The UK Government is considering a review of the way Welsh Assembly Members are elected.
Peter Hain said the present system did not seem sensible
Secretary of State for Wales Peter Hain said the proportional voting system used for one third of the seats in the assembly can produce unfair results.
He says it is wrong that would-be AMs are able to stand and lose in individual constituencies, only to re-emerge as elected AMs under the regional list system.
However, possible changes to the system are unpopular among opposition AMs.
Mr Hain said he will wait until the Richard Commission - set up to investigate effectiveness of the assembly - publishes its report before announcing whether an independent inquiry is needed.
Out of the 60 assembly members, 40 are elected from constituencies, in the same way as MPs are.
The remainder are chosen from regional party lists.
This can produce unusual results - in Clwyd West, three defeated candidates still won assembly seats.
"It doesn't seem to be a sensible way of proceeding," said Mr Hain.
"I don't want to change the system to make it unfair to other parties.
"The only changes that were brought in would have to have broad consent.
"What I am wanting to do is to reserve the right to review the operation of the election system."

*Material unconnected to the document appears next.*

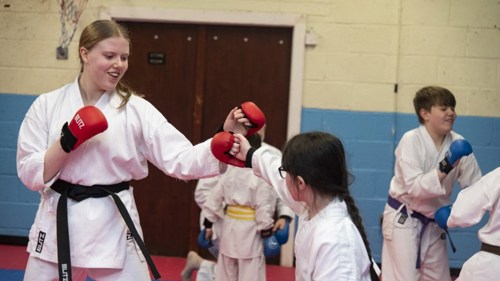 An adult instructor is taking a Karate class for young people. They are all wearing white Karate uniforms and wearing small punch gloves to practice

But the Tory leader in the Welsh assembly Nick Bourne said changing the system was "a very dangerous road to go down".
Tory leader Nick Bourne said changes could be dangerous
"This is about politicians interfereing with electoral systems - I would remind Peter Hain one of the most distinguished regional members who got in on the list was Alun Michael."

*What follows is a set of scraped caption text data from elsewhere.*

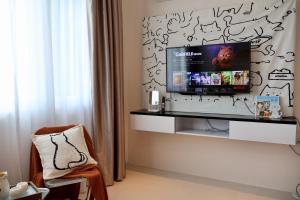 Μια τηλεόραση ή/και κέντρο ψυχαγωγίας στο Meow Suite - Kuching Town - VH11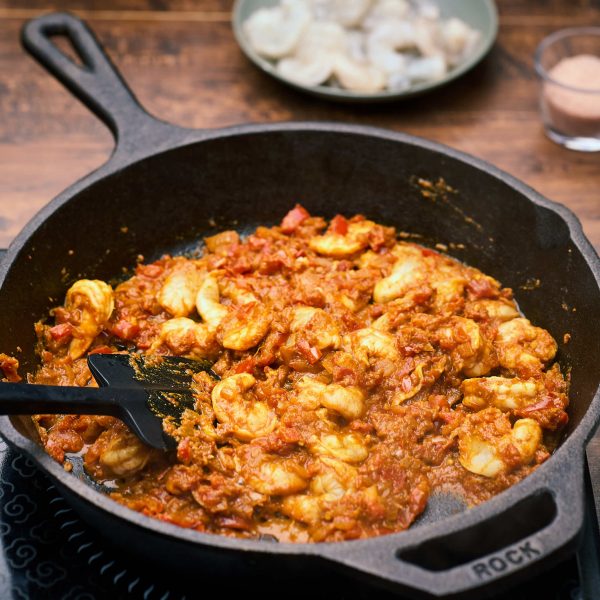 frying the prawns in the patio masala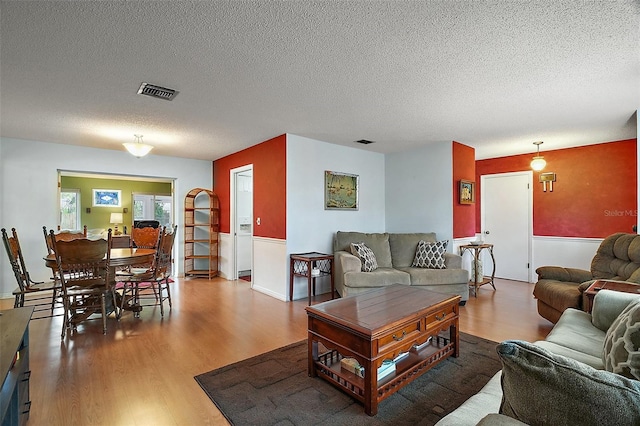 living room with wood finished floors, visible vents, and a textured ceiling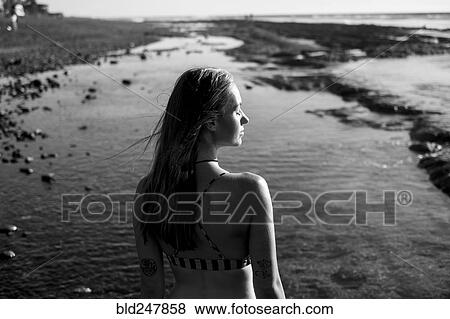 Caucasian woman relaxing on beach View Large Photo Image Stock Photo - Caucasian woman relaxing on beach. Fotosearch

Meanwhile, Eleanor Burnham, regional Lib Dem AM for north Wales, defended the regional set-up, saying that, if it did not exist, there would be no conservatives in the assembly.

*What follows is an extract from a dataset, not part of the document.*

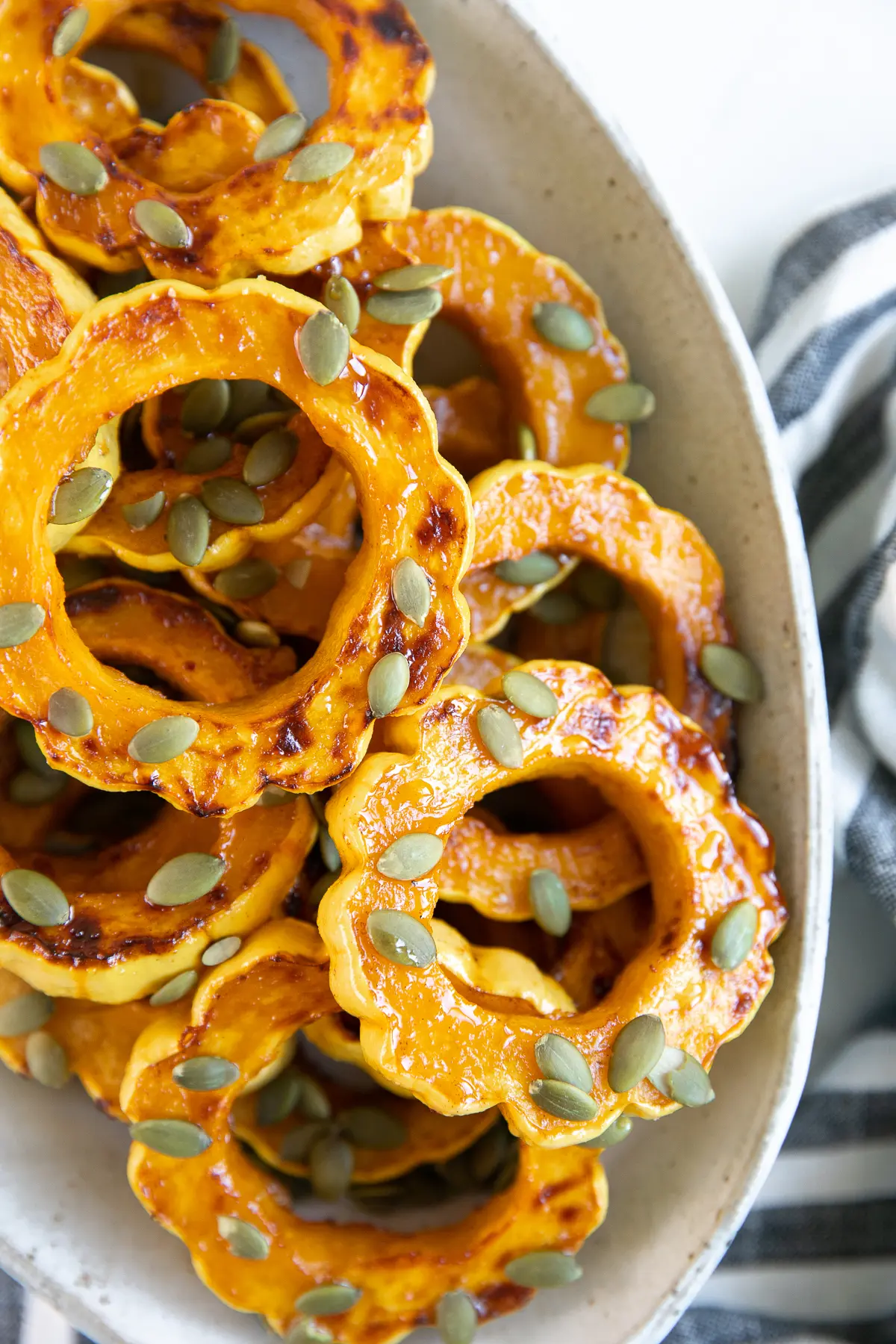 Roasted delicata squash rings with seeds on top in a bowl.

"Is that fair for all the people who voted tory - I don't think so, and I'm not even a tory!," she said.
More than half the Welsh Labour MPs have called for changes.
Labour's Wrexham MP Ian Lucas agreed the current "flawed system" needed to be reviewed.
"Constituents of mine simply cannot understand how a loser in an election subsequently becomes a winner," he said.
He supported the idea that candidates could only stand either as a regional AM or a constituency AM.
The announcement mirrors a similar initiative in Scotland where the number of Scottish MPs at Westminster is being reduced due to devolution.
Mr Hain has made it clear that the number of Welsh MPs would remain the same.
In January, Mr Hain told a constitutional lecture in London members elected under the regional list system could face calls to cut their staffing and expenses.